Last week, I spent 8 hours immersed in a one-day business seminar. I was seated next to a gentleman I did not know, and throughout the day we engaged in casual conversation during the breaks. He seemed like a very nice guy, sharp, well dressed, very personable -- and every other word out of his mouth was the “F-Word.” The business seminar was a tremendous learning experience and I walked away with valuable and useful knowledge. What I did not walk away with was an understanding as to why a seemingly professional person would talk to another professional person in that manner?
At one time or another, we all use profanity to express anger, frustration, disappointment, or to add “emphasis” to a story. However, I've recently been involved in some professional situations where conversations were peppered with profanity. In the past, I've also experienced people who frequently used colorful language in the workplace. So, when profanity is part of someone’s everyday vocabulary, do you tell that person if it bothers you?
Don't get me wrong -- I'm no lightweight. Yet, I feel that cursing in a business-related environment is uncomfortable and inappropriate. In addition, I find it somewhat challenging to fully appreciate what people are saying if they cannot complete a sentence without uttering the "F-Word." I'm not too sure it's a gender thing either. In fact, I actually think this is an equal opportunity issue. Oh well ... I say "To Each His Own -- Live And Let Live." I also say there is a time and place for everything.

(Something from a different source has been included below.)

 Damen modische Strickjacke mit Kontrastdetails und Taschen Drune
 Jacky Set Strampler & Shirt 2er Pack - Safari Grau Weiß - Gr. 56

When someone cursed in her presence, my grandmother would always declare: "Do you kiss your mother with that mouth?" Also, children of my generation were sometimes told they would get their mouths washed out with soap for using foul language. Although I personally do not know anyone who has ever had that happen, the fear of having a bar of soap touch your lips was enough to keep most of us kids compliant. To me, the language people choose as a means of communicating in business situations speaks volumes about their professionalism and perceived respect for others. And, I'm just wondering -- if nobody is aware that something bothers you, why would anyone stop doing it?